Compares the current profile with other_dataset profile. With the exception of Histogram difference, all are subtract '-' operations. For histogram difference, it is the statistical distance scaled [0, ∞]. If there are no histograms, the default value is None.

get_columns()
to_pandas_dataframe

compare(other_profile, include_columns=None, exclude_columns=None, histogram_compare_method=<HistogramCompareMethod.WASSERSTEIN: 0>)

Compares the current profile with other_dataset profile. With the exception of Histogram difference, all are subtract '-' operations. For histogram difference, it is the statistical distance scaled [0, ∞]. If there are no histograms, the default value is None.

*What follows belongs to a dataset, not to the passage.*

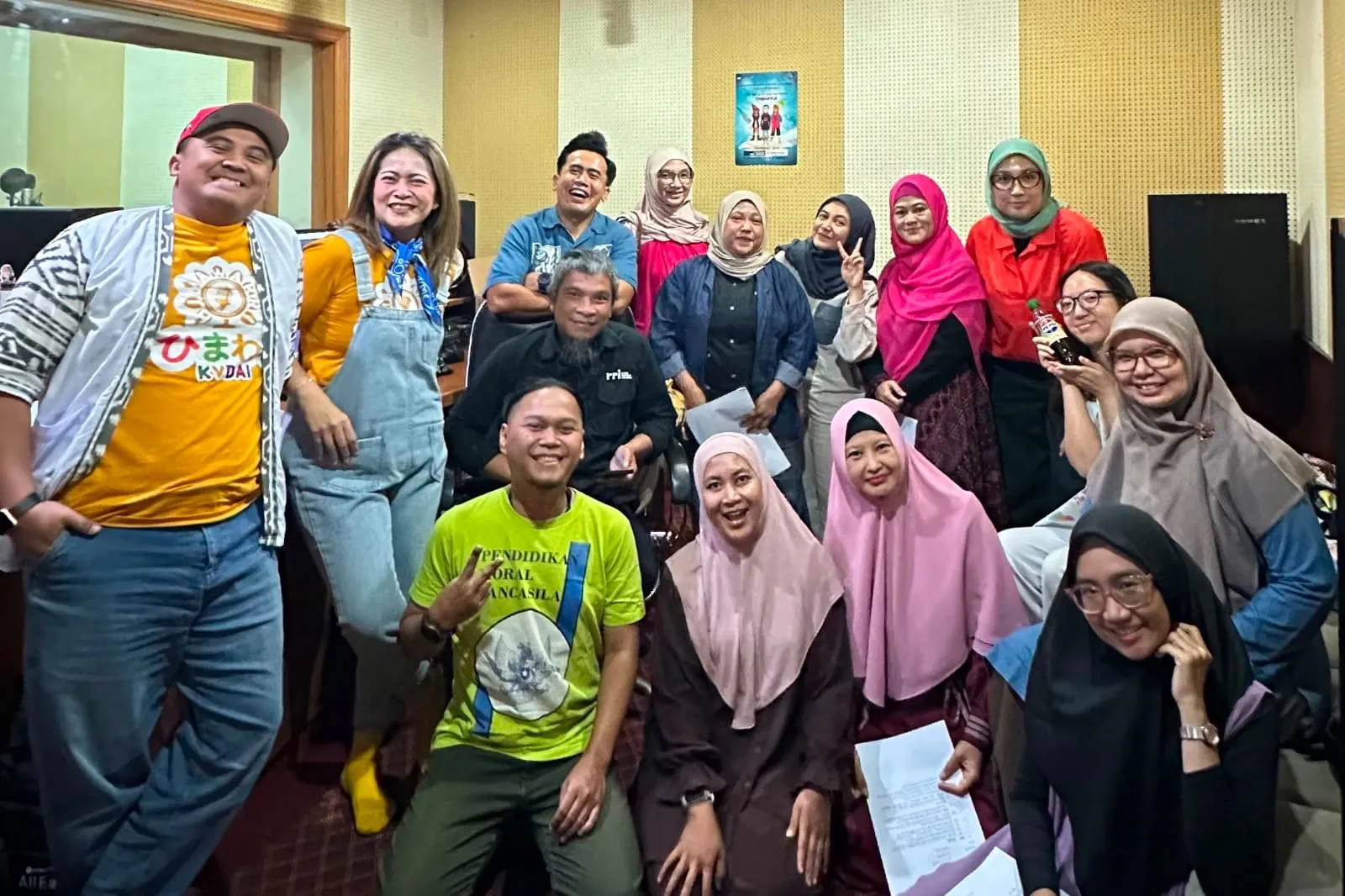 Presiden KVDAI , Arief Budiman (bertopi) bersama beberapa Member KVDAI yang memanfaatkan praktik rekaman ILM di RRI Jakarta.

compare(other_profile, include_columns=None, exclude_columns=None, histogram_compare_method=<HistogramCompareMethod.WASSERSTEIN: 0>)

Parameters

other_profile
DataProfile

Another data profile for comparison.

include_columns
List[str]

List of column names to be included in comparison.

default value: None
exclude_columns
List[str]

List of column names to be excluded in comparison.

default value: None
histogram_compare_method
HistogramCompareMethod

Enum describing the method.

default value: HistogramCompareMethod.WASSERSTEIN

Returns

Difference of the profiles.

Return type

DataProfileDifference

get_columns()

get_columns()

to_pandas_dataframe

Attributes

dtypes

Column data types.

Returns

A dictionary, where key is the column name and value is FieldType.

row_count

Count of rows in this DataProfile.

Returns

Count of rows.

Return type

int

shape

Shape of the data produced by the Dataflow.

Returns

Tuple of row count and column count.

stype_counts

Columns with semantic types found, each with a list of the found semantic types.

Returns

A dictionary, where key is the column name and value is a list of STypeCountEntry.

Remarks

Only columns where semantic types were found are included in the dictionary, which means the lists are never empty. The lists are each ordered descending by the count of values found that matched the semantic type.